== Collected data ==

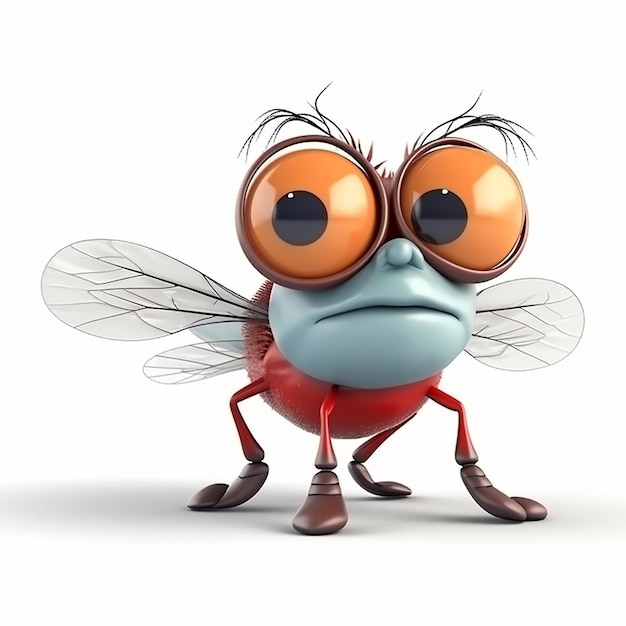 Fly drôle mignon dessins animés insectes illustration 3D sur fond blanc avatar créatif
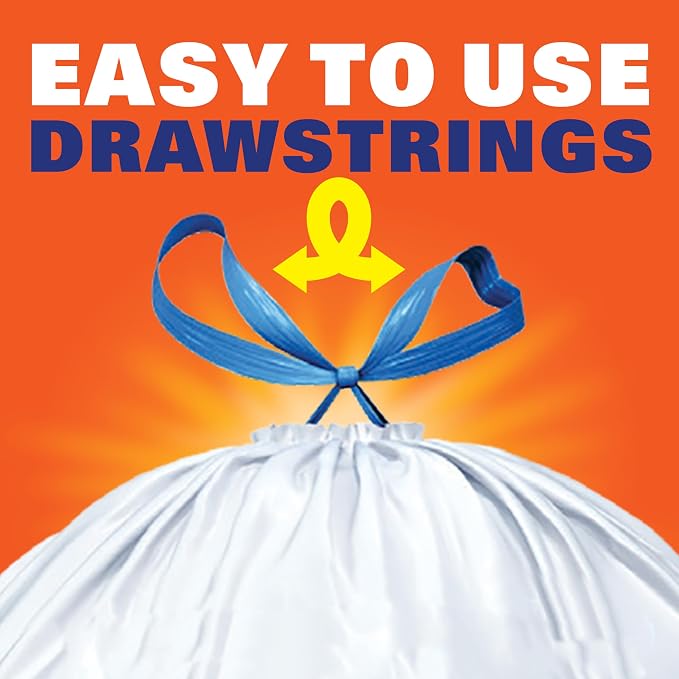 Hefty Strong White 13 Gallon Trash Bags - Image 5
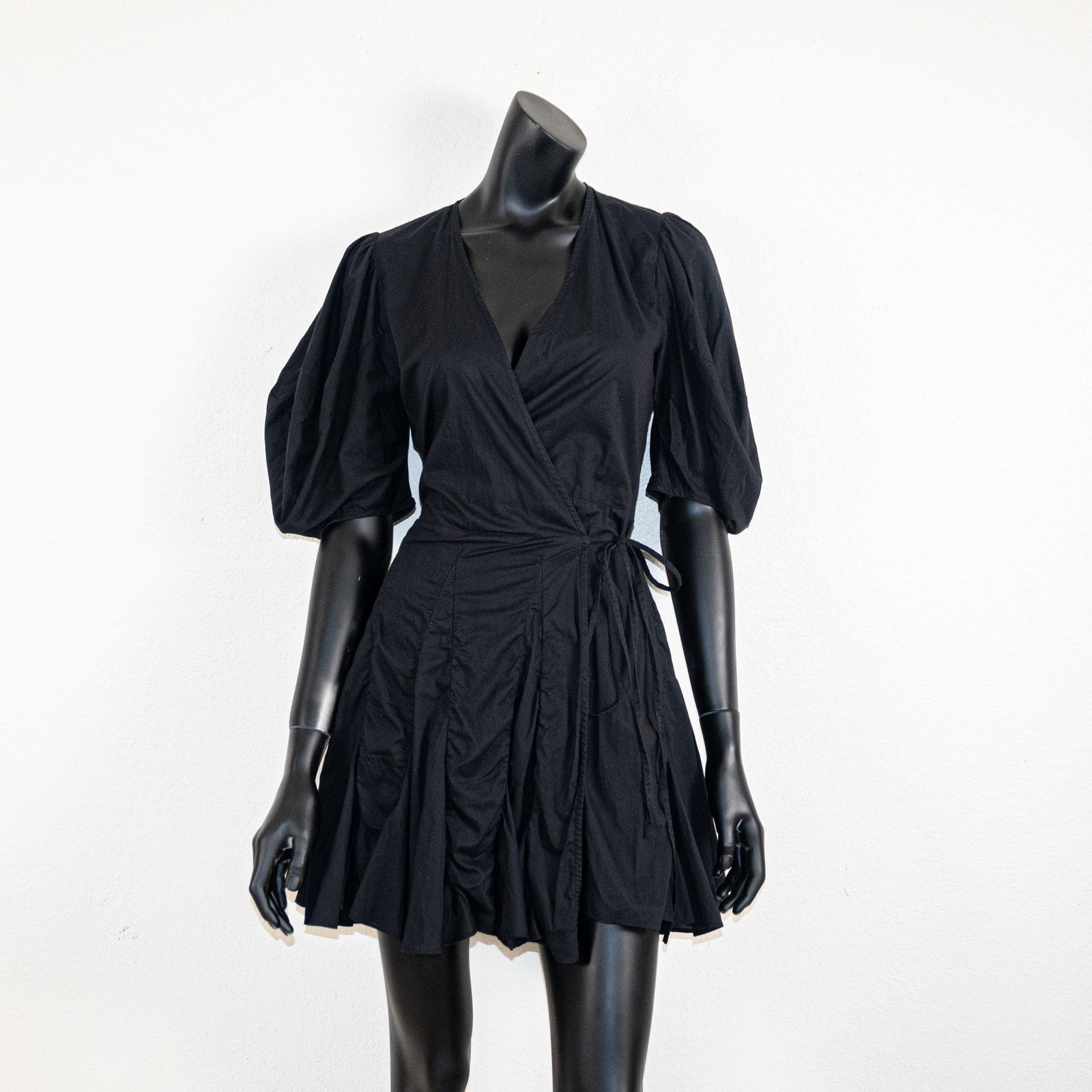 RHODE RHODE $375 Claudine Wrap Dress Puff Sleeves mini Black XS Size XS / US 0-2 / IT 36-38 - 2 Thumbnail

===

- [Work instruction] With the pictures set aside, write out the whole listing exactly.

- [Exercise answer]
 Fly drôle mignon dessins animés insectes illustration 3D sur fond blanc avatar créatif
 Hefty Strong White 13 Gallon Trash Bags - Image 5
 RHODE RHODE $375 Claudine Wrap Dress Puff Sleeves mini Black XS Size XS / US 0-2 / IT 36-38 - 2 Thumbnail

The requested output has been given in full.